Suddenly, barely a second before the automated recording announced the stop before mine, the man’s small, bloodshot eyes pinged open like those of a pet hamster sensing an incoming earthquake. He straightened his back and slowly lifted his head, gingerly releasing his grip on the handrail. His fellow passengers watched in silence as the train slowed, jerked, and came to a stop, waiting to see what would happen. The man, now staring directly ahead and looking surprisingly composed, cleared his throat noisily, tightened his grip on his briefcase, and took a step forward – tragically a split second too early – planting his face firmly into the glass of the train door.
As he staggered back, the doors slid open and the cool evening air wafted into the car. The man paused, shocked but clearly invigorated by the fresh air and the sudden impact, inhaled deeply, and stepped onto the platform in one smooth motion.
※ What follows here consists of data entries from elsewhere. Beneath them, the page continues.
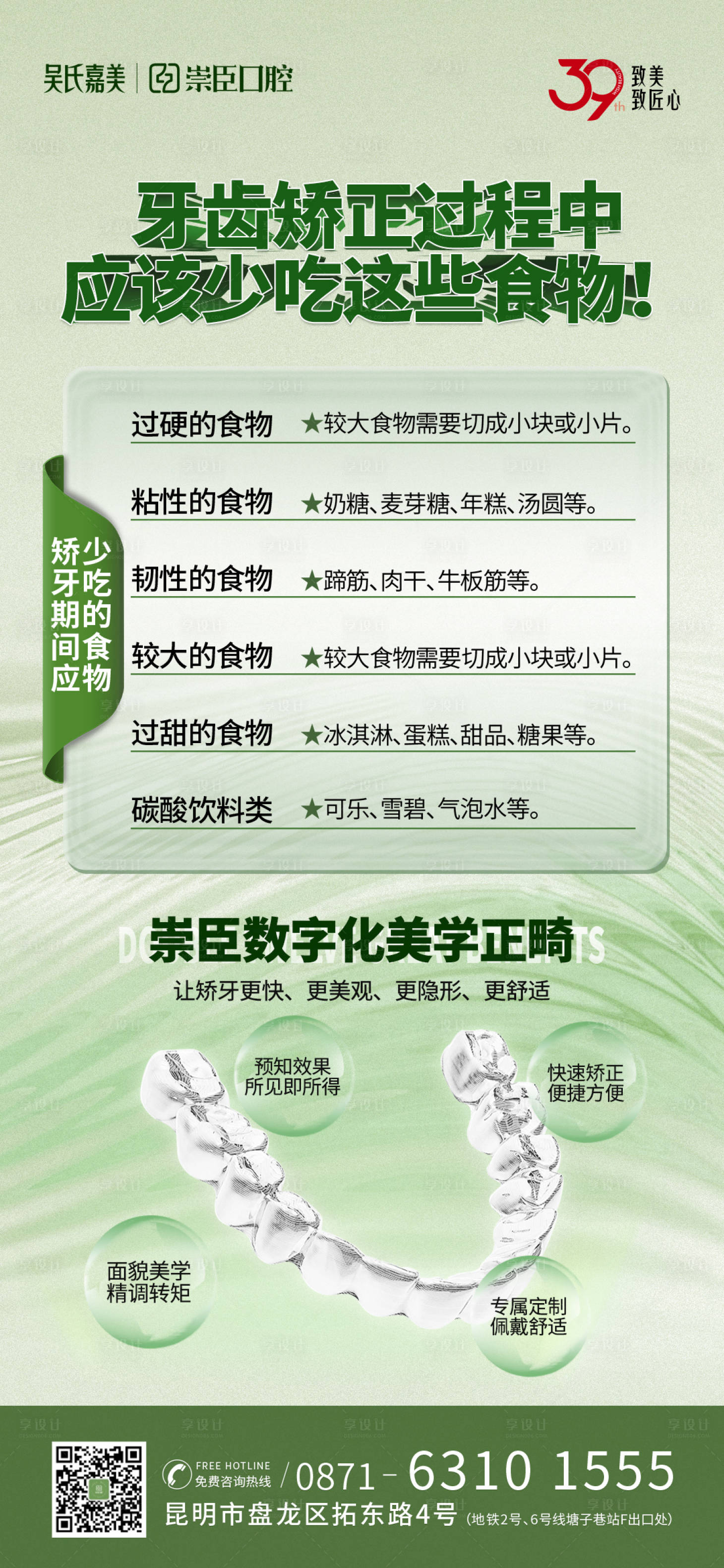 源文件下载【享设计】搜索编号：80300012378959028【牙矫正科普】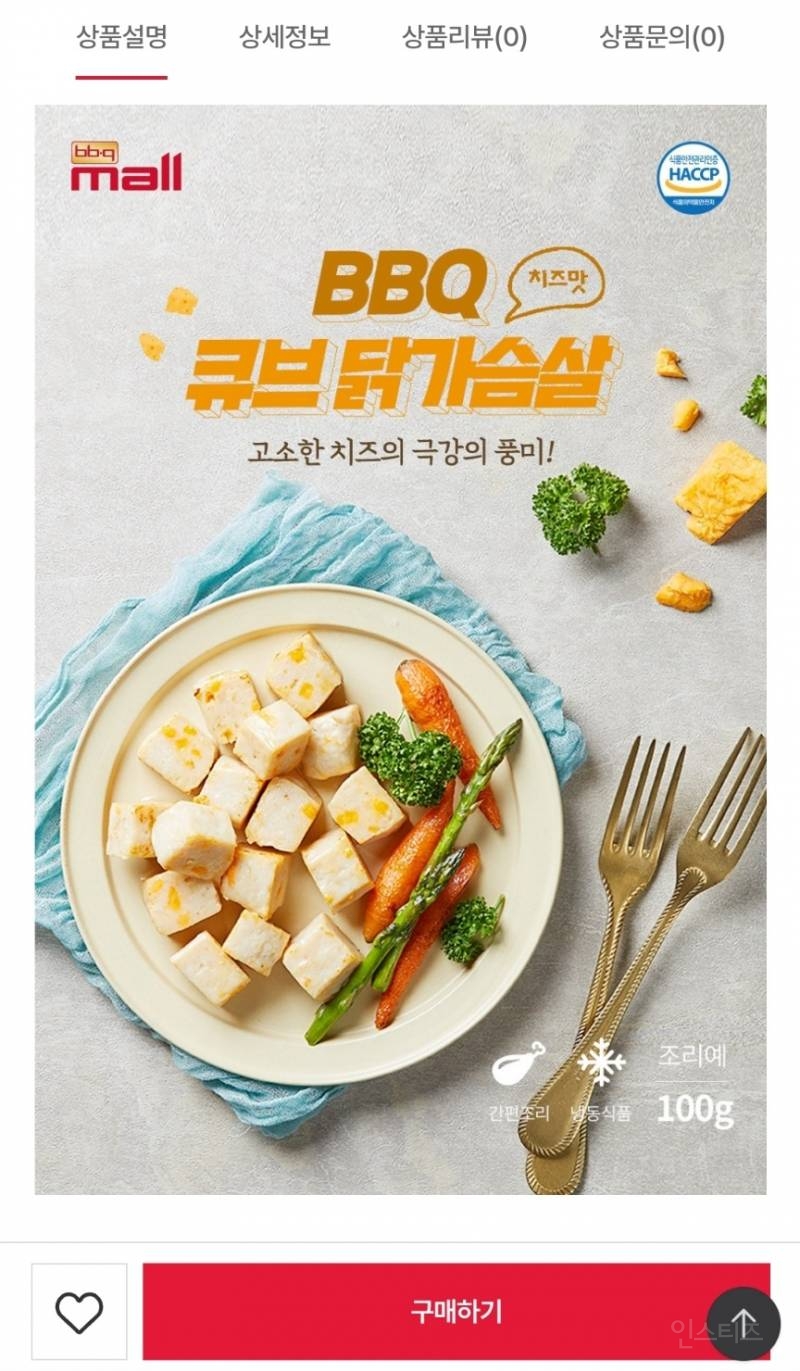 다이어트용 bbq 닭가슴살 저렴이 쟁여놓기 | 인스티즈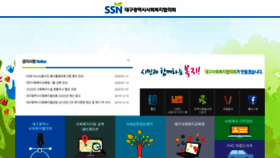 What Twin.or.kr website looked like in 2020 (6 years ago)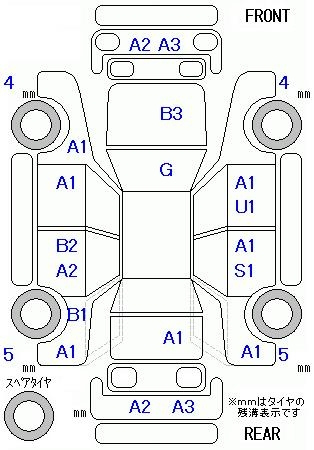 Аукционный лист DAIHATSU MIRA E S 2014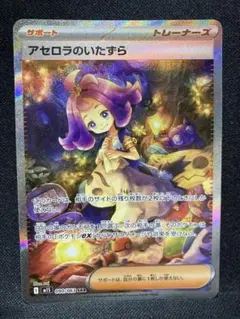2026年最新】アセロラのいたずらSARの人気アイテム - メルカリ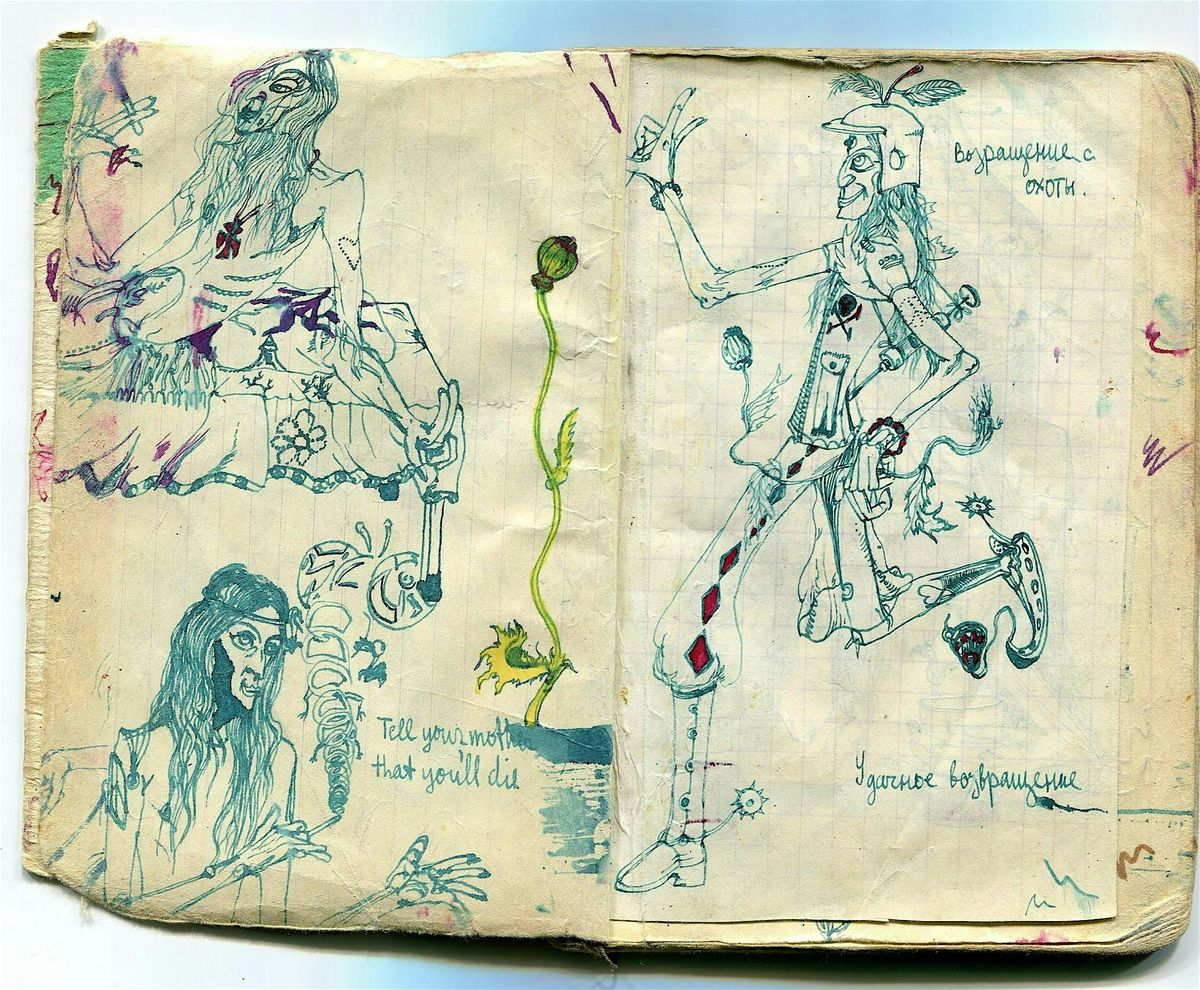 An Evening with Azazello: Notes from the Zone of Kaif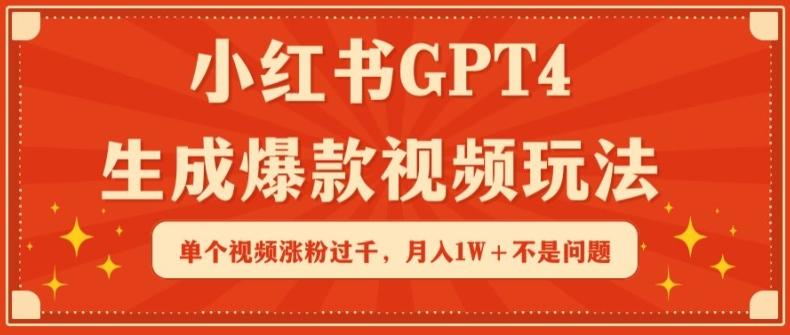 小红书GPT4生成爆款视频玩法，单个视频涨粉过千，月入1W+不是问题【揭秘】-87创业网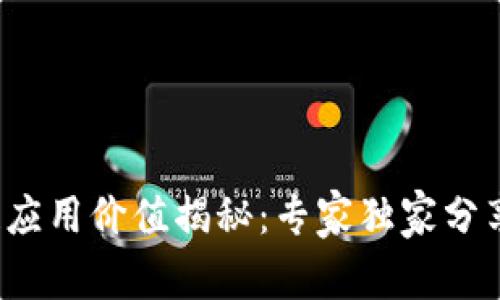 FIL币区块链应用价值揭秘：专家独家分享的行业秘诀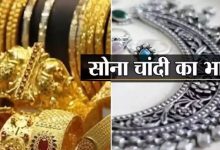 Gold-silver Rate:सोने के रेट में हुई बड़ी उछाल, चांदी हुई सस्ती,देखिए गोल्ड सिल्वर का ताजा रेट 14 images 2023 06 20T105409.484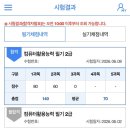 컴활 2급 필기 안양과천상공회의소 2트 만에 합격한 후기 (공부법, 난이도, 시험장 후기)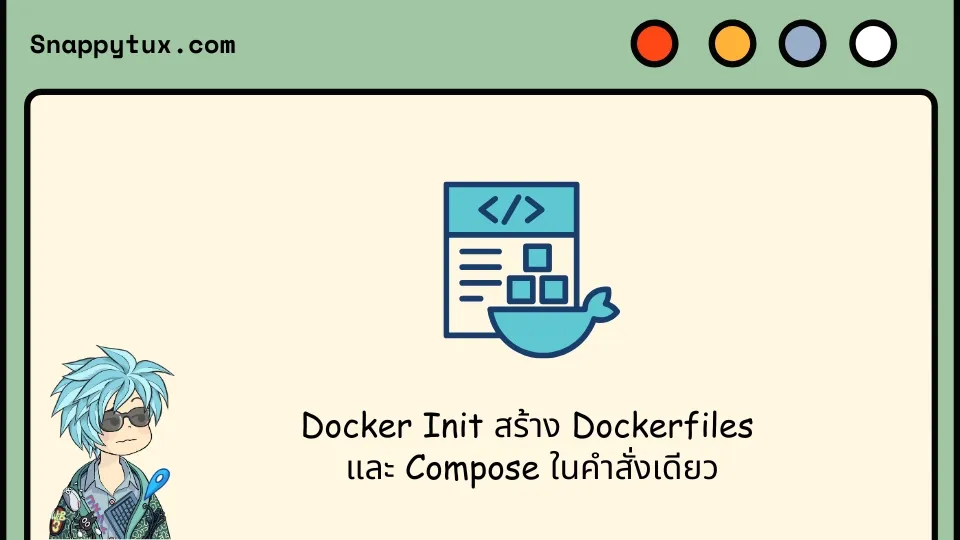 Docker Init สร้าง Dockerfiles และ Compose ในคำสั่งเดียว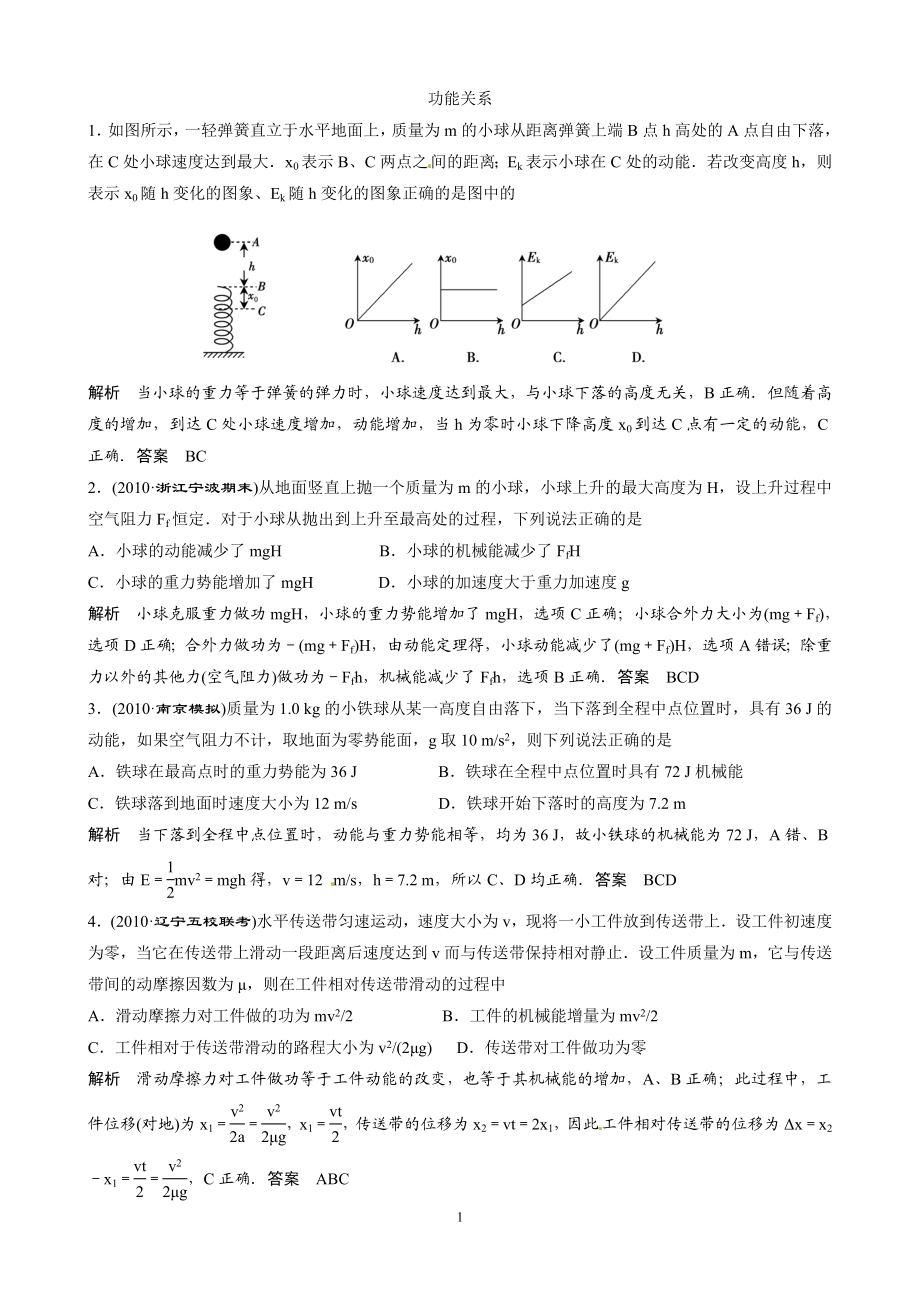 高三专题复习功能关系.doc_第1页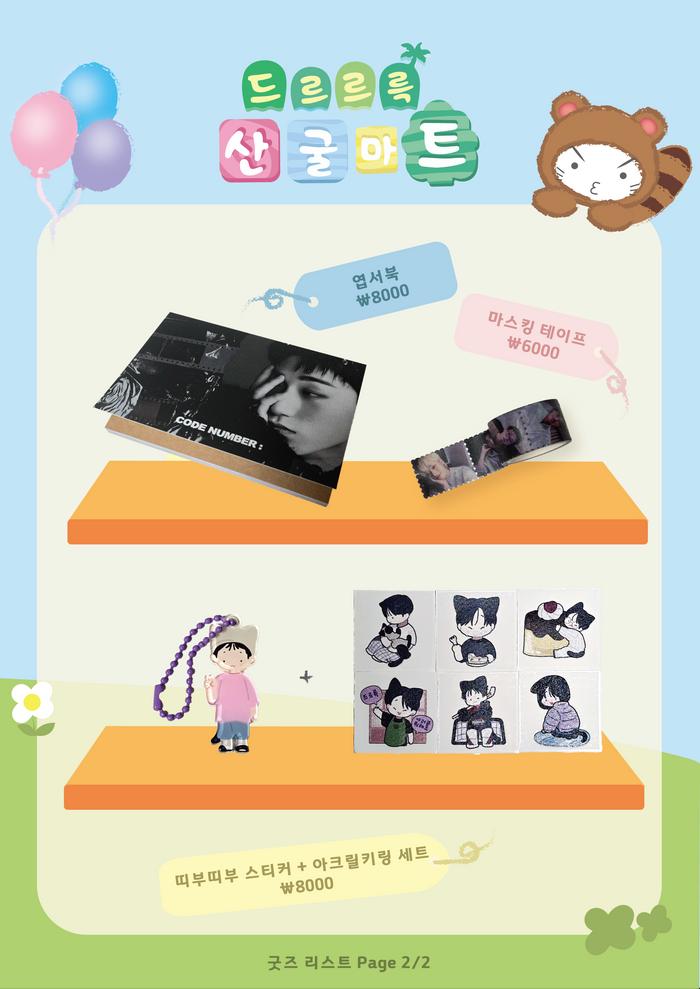 sangulmart710's tweet image. ⁎⁺˳♡드르르륵 산굴마트♡˳⁺⁎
He turned in the direction of the escalator, stopping for a second as a few more passengers alighted and passed him by, then nodded to himself and strode off down the platform with an air of confidence that neither I nor my fellow passengers could ever have imagined him possessing.
We watched in silence as the doors closed and our train pulled away, the salt-and-pepper haired gentleman now just another dark-suited shape in the throng of salarymen making their way home, nary a hint that just a few moments before he had been compared in the mind of a man from Liverpool to a belligerent toddler and a pissed-up primate.